In the listing below, the lines starting at the line with "Thumbnail 5 de" and ending at the line with "LOUIS VUITTON Черная" are to be output verbatim. Images stay out of the copy.

* Records supplied:

/---

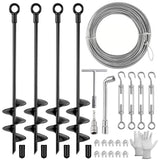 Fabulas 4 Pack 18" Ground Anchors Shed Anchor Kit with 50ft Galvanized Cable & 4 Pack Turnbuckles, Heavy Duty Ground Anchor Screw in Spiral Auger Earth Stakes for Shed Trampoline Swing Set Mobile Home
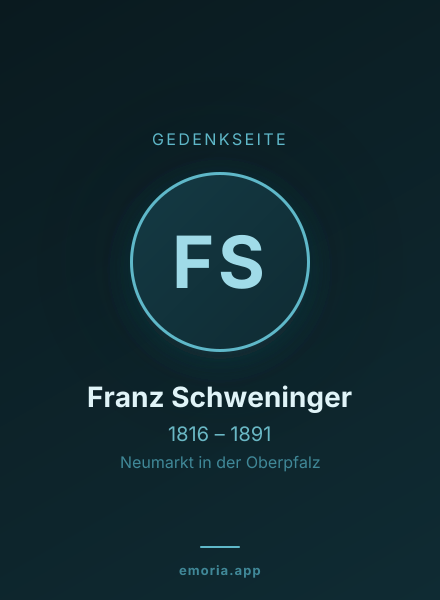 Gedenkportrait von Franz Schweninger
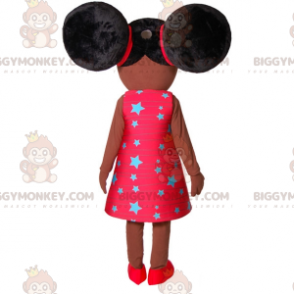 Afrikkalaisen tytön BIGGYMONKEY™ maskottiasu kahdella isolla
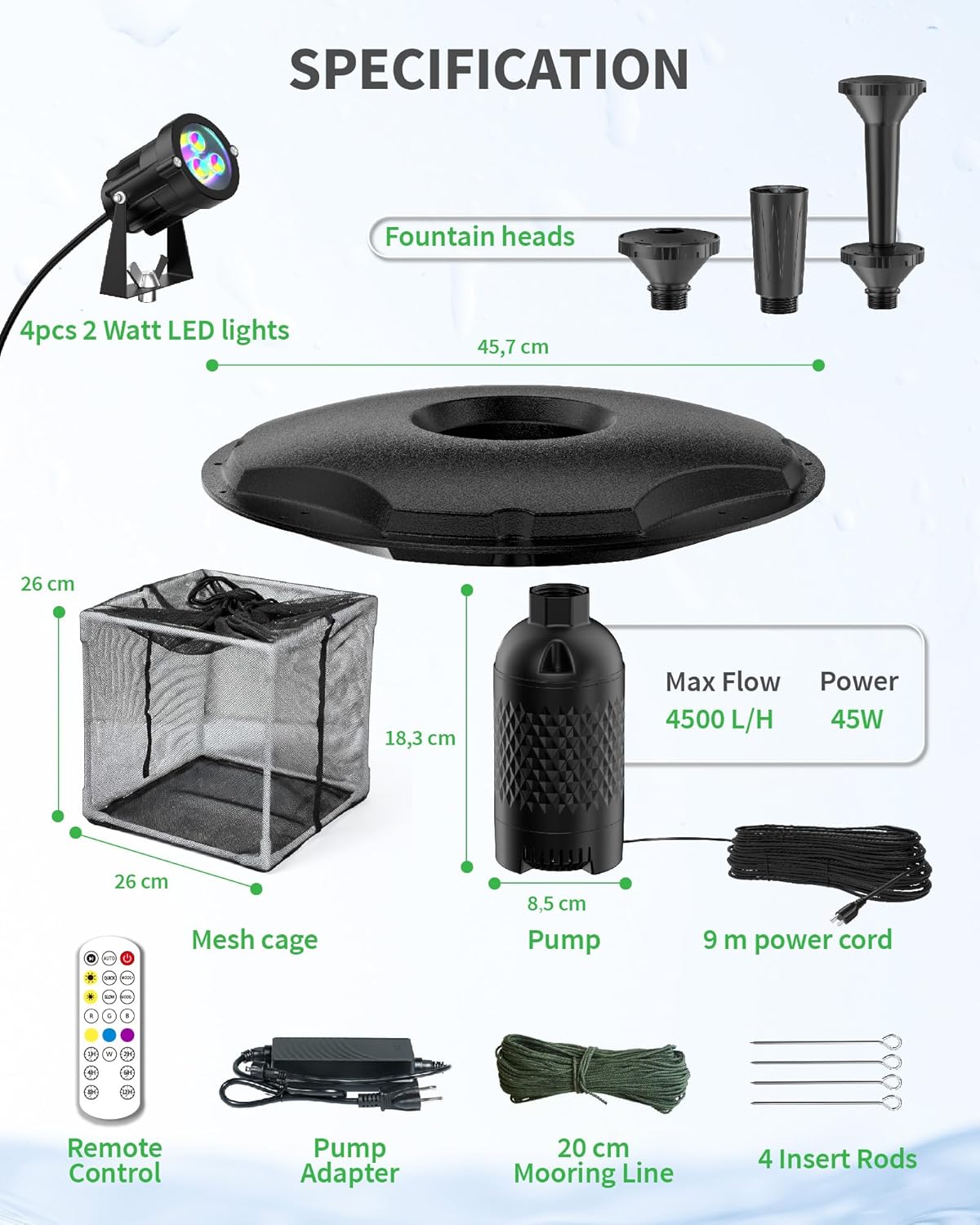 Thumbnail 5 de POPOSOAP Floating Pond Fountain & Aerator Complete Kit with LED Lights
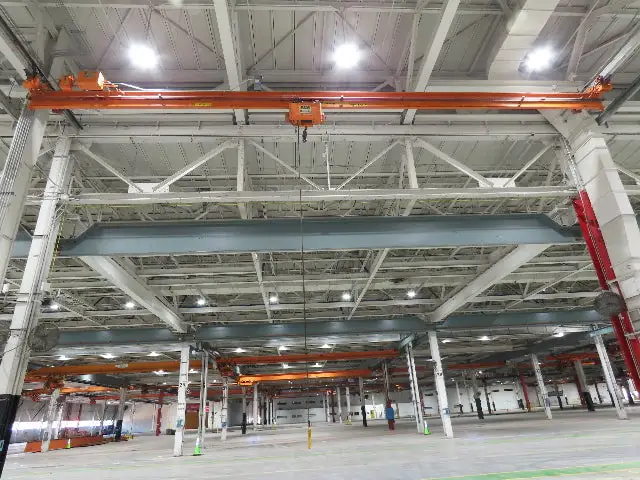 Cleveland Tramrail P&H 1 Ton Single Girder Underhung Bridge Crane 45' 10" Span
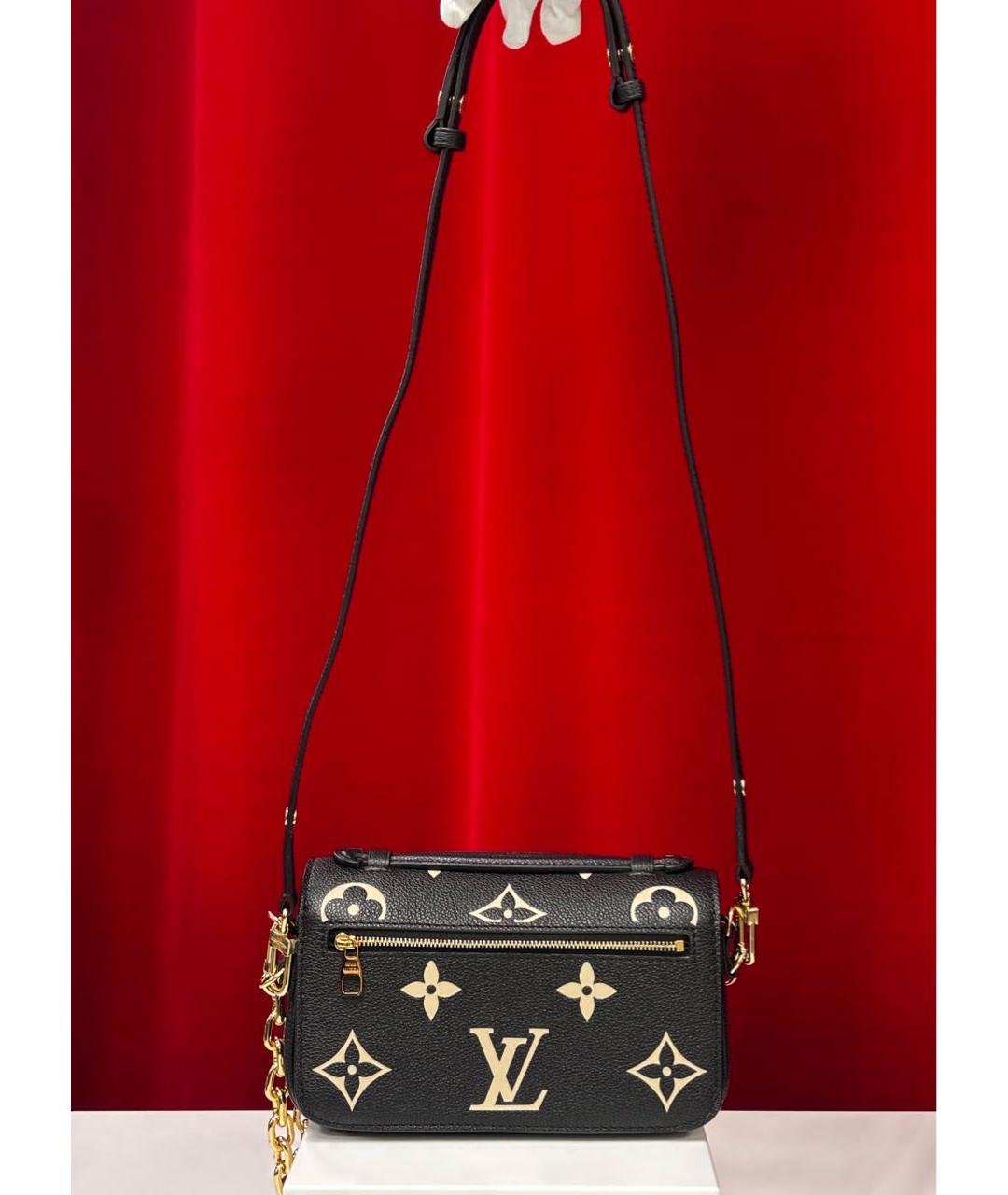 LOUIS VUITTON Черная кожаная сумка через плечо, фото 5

\---
/---

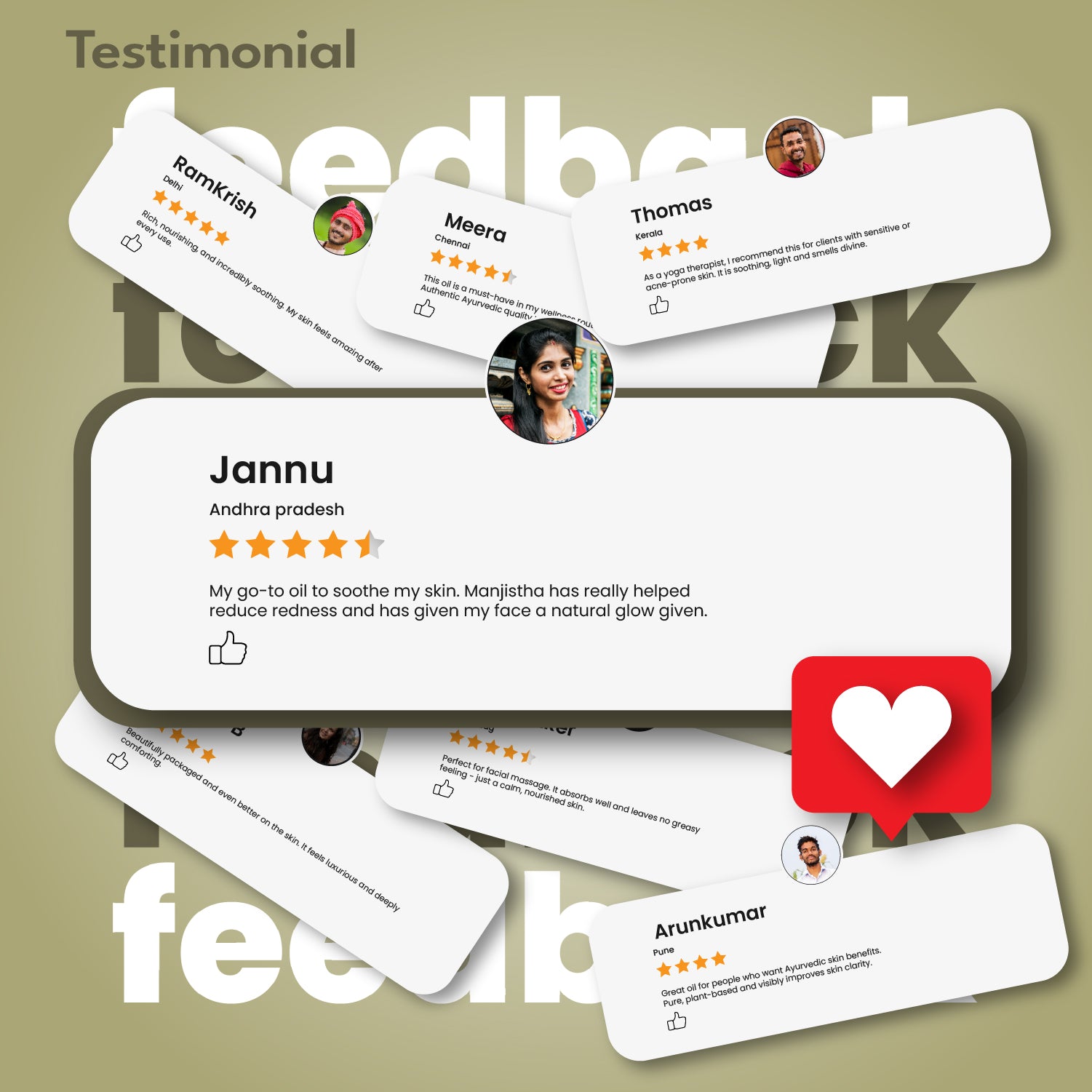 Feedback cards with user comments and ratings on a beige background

\---

* Result of this task:
 Thumbnail 5 de POPOSOAP Floating Pond Fountain & Aerator Complete Kit with LED Lights
 Cleveland Tramrail P&H 1 Ton Single Girder Underhung Bridge Crane 45' 10" Span
 LOUIS VUITTON Черная кожаная сумка через плечо, фото 5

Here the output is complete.